Nicole Svinson of Basehor holds her new childrens book "Mime for Michael."

When paraeducator Nicole Svensons gives disability awareness talks at Leavenworth County Schools, and when she mentors children at Lawson Elementary School, she has the kids she has spoken with tell her "I can" three times before she leaves.

“I want kids to know that they can do anything, that there’s no such thing as ‘I can’t’ or ‘I won’t,’” Svenson said.

Svenson, a Basehor-Linwood High School graduate, grew up with multiple learning disabilities and has borderline Down syndrome. Now, she is publishing a 12-book series through Tate Publishing Co. in Oklahoma focusing on children with disabilities called “The I Can Series.”

On Nov. 23, she is having a book-signing at Starbucks, 6620 Monticello Road, in Shawnee for her first book, “Mime for Michael.” The book is based on the life of her late uncle, Michael Jolliffe, a mime artist and painter. Joliffe was deaf but was a successful mime and had some of his paintings on display at the Smithsonian Institute in Washington, D.C., where he also worked in the United States history department.

Svenson said she decided to write the book about Jolliffe while earning her sign language certificate at Johnson County Community College.

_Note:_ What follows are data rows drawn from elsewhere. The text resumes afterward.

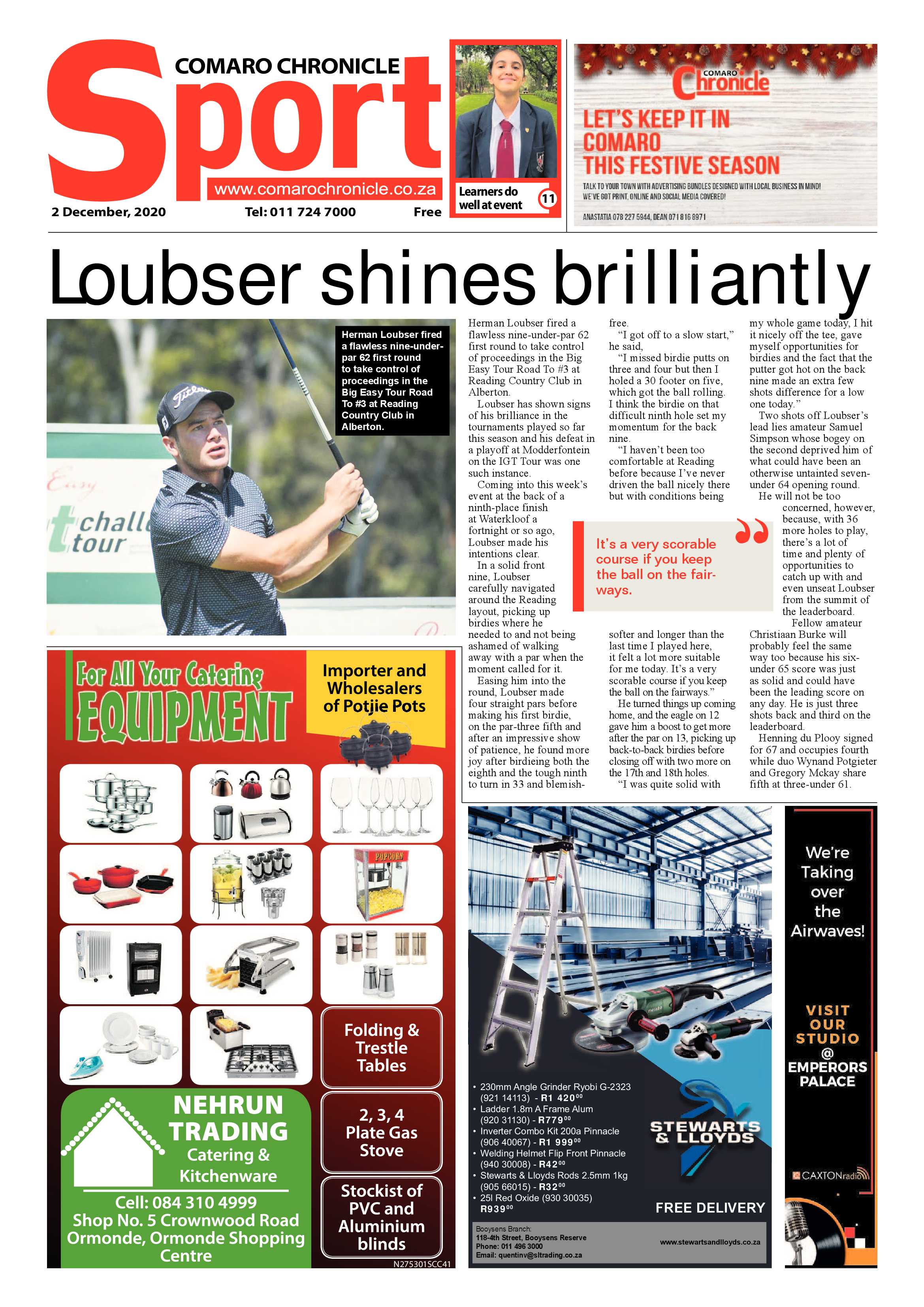 Comaro Chronicle 02 December 2020 page 12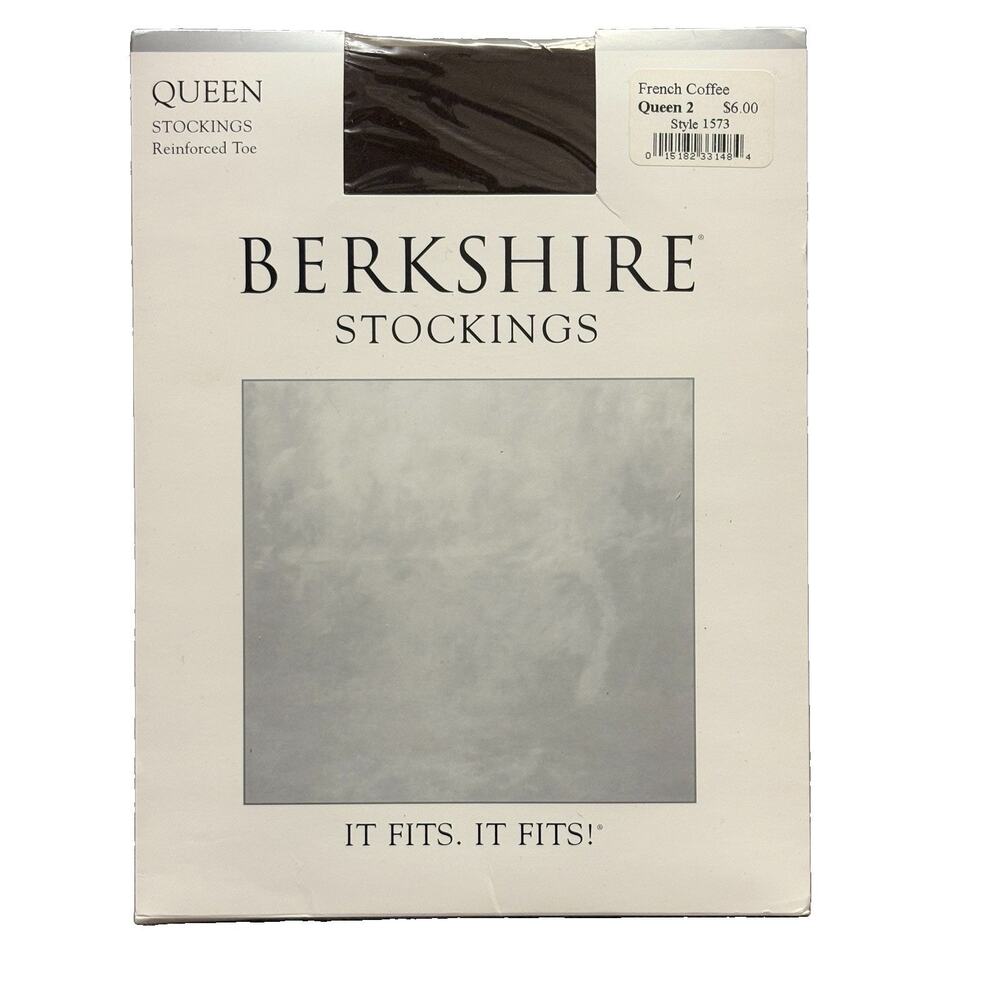 Vintage Berkshire Panty Hose All Day Sheer Stockings French Coffee NWT Size Q2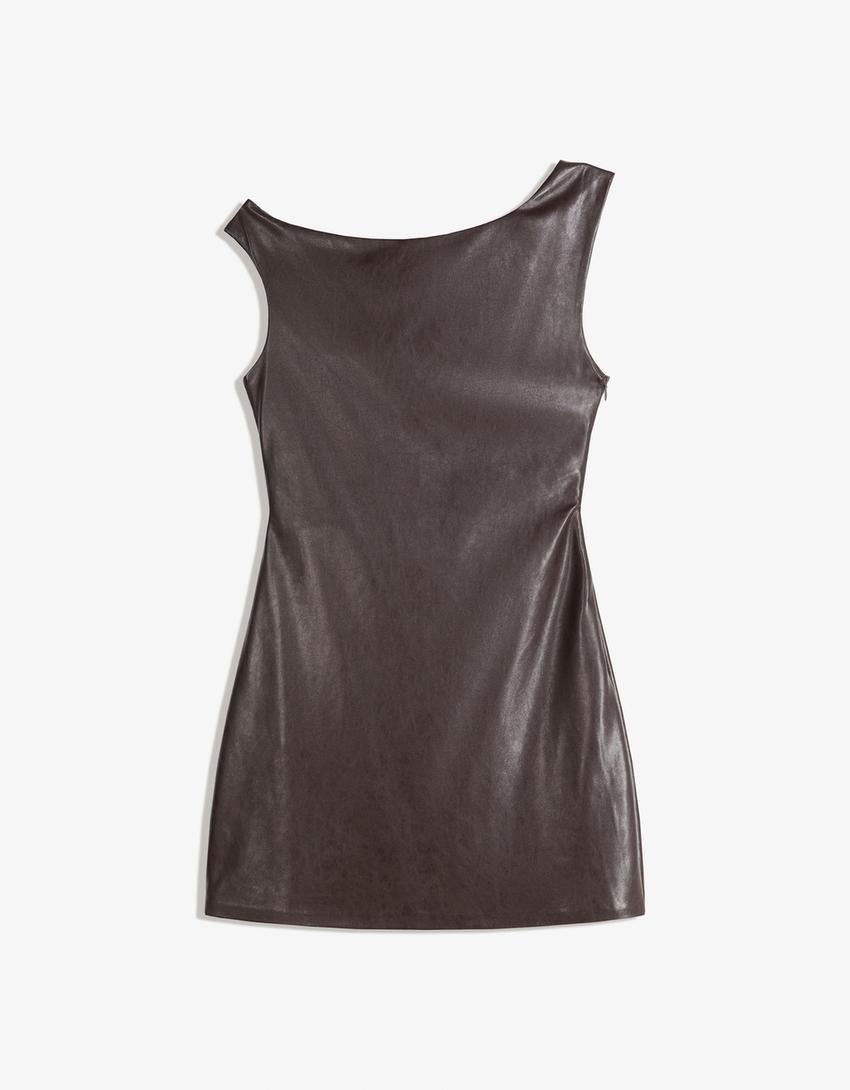 Sofia Leather Mini Dress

“I thought how cool would it be to write a book based on his life and how he overcame his disability,” Svenson said.

In the book, Michael learns about his talent for miming through support of his family, friends and teachers. The illustration of Michael features the same green eyes as Jollife had and the same blond cowlick in his hair. The 24-page book is targeted to elementary-age children and features a small, green turtle on every page that is supposed to engage even younger children.

“This isn’t just a book for kids with disabilities; it could be anybody. We all have insecurities that we need to overcome,” Svenson said.

Growing up, Svenson said, she was always encouraged by her parents and teachers and told that she could accomplish anything. After high school, she attended the University of St. Mary and earned a degree in English and psychology. Svenson says she has always had a passion for special education beginning from her days attending a Kansas Youth Empowerment Academy as a teen.

“I guess it was all of the support I had when I was growing up that made me believe that anything was possible,” Svenson said.

She has also had a passion for writing and has been writing plays and short novels for most of her life. Before signing the book deal for the “I Can Series,” Svenson said she had submitted seven short novels for consideration.

It was when they were rejected that Svenson’s parents suggested she try writing a children’s book.

“Then I started to think about my uncle and the inspiration he is,” Svenson said.

Tate Publishing contacted Svenson four weeks after she submitted the story, interested in pursuing a series. Each book in the series will focus on a child with a different disability and how the child overcame perceived limitations.

Svenson has been promoting the book all summer and has held signings throughout Leavenworth County, all while attempting to reach children individually as a teacher.

“I try to get it engraved in their minds that I believe in them,” Svenson said, “that they can do anything.”